林業の仕事で知り合った「職人」との対話を通して、立ち直るその瞬間を描いたお話です。

敵がわからない

読み解くタイプのお話ではないので公然とネタバレしちゃいますが、回想の途中でいきなり父がぶっ倒れます。
引きこもりの主人公にとっては、いきなりのセーフティネット消滅です。そして母親が見つけてきた林業従事へのチケットを手に、行動を決意します。
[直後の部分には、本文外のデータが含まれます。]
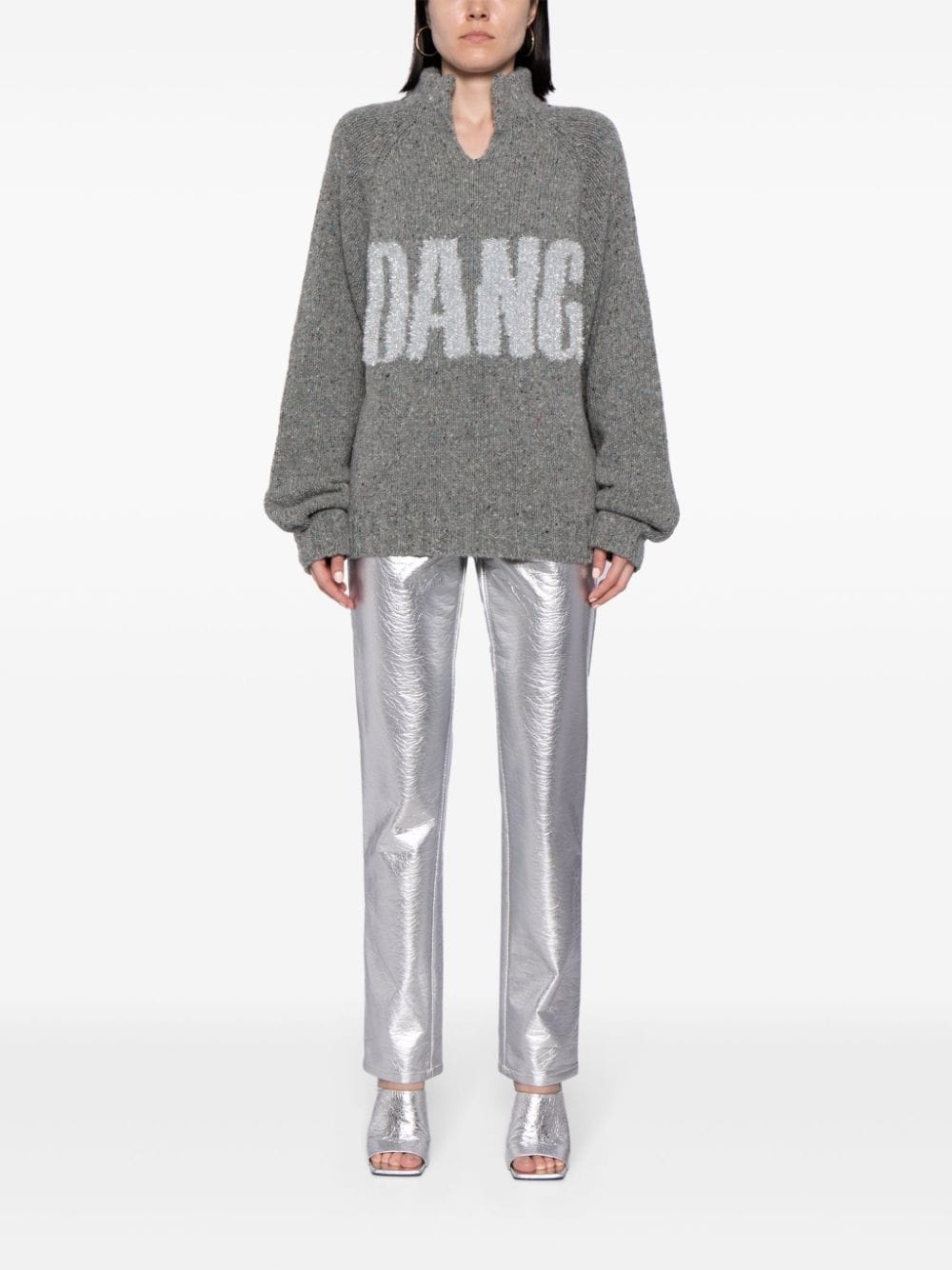split-neck speckle-knit jumper - 3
この両親ですが、主人公の引きこもりを受け入れることができません。
ですが毒親として脚色されているわけではなく、何だかんだで協力的な一面もあるように思います。
そして主人公も親と喧嘩して家出などしますが、あくまで逃げているのは「都会から」なのではと、僕には見えました。

敵がわからない。誰のせいにもできない。
だからこそ、主人公の独白には強い説得力があります。

陰から陽へ

著者のうたかたさんは多筆な方で、SFやテクノロジーの分野でも投稿されています。
そこが面白いところで、未来予想を突き詰めたからこそ、自然への回帰がより際立ってくるのだな!と勝手に納得していました。

(そろそろちゃんとレビューします)

まず、4,000文字程度と短いです。字数としては短いのですが、
大事なエッセンスだけをギュギューっと圧縮しているので、それが僕にはたまらなくうらやましい。
そして物語の構成は「陰」と「陽」です。日陰から日向に向かっていくだけ。

そのシンプルさが、作品全体に荘厳なイメージを付加しているように思います。

都会に置いてきた「間」の描写

そして地の文がメイン(8割くらいが回想)ですが、決して飾りません。
雰囲気を伝えるにとどめ、必要十分です。

台詞は少ないですが、一言一言に存在感があります。
それが技巧として練られているのか、はたまたセンスの賜物なのかは図りかねますが、
心地のいい「間」を感じました。アンビエントミュージックとか聴きながら読みたいですね。

蛇足:メンタルの回復とはなにを指すか?

冒頭で、自然を扱うテーマに共鳴したと書きました。
それがもっとも表れているのが、「職人」が終盤放ったセリフです。

「人間だからあれこれと心が彷徨う事は止められない。過去を振り返り、未来の損得を勘定に入れながら、創意工夫を重ねて生きていく。だからこそ人はこんなに高度な文明を築いてこれたんだ。
 ただ、いつも目的化された人工物に囲まれてると、特定の目標に向かってないと気が済まないようになってくる。コスパや生産性を追い求める生き方だけを続けてると目の前にある景色が見えなくなって、今を生きることを忘れてしまうんだ。思い描いたフィクションの中にいて、気付いたら人生が終わってたなんてことになりかねない。私のようにね。」

この作品におけるメンタルの回復というのは、言い換えるのなら「思い込みの解消」なのかなと思いました。
原点に立ち返るという意味では「心の初期化」と呼べるかもしれません。

読後感としては強い感動というよりも、納得・収束といった言葉が当てはまりました。そこからじわじわ「これすごい」の波が追いかけてきました。

 ◆  ◆  ◆

だいぶ熱くなって2,000文字超えしてしまいました。
常日頃考えているテーマを身近な人も持っていて、しかも共有できるというのはうれしいですね。

自然をテーマに書きたい。もう一度そう強く思わせてくれた作品でした。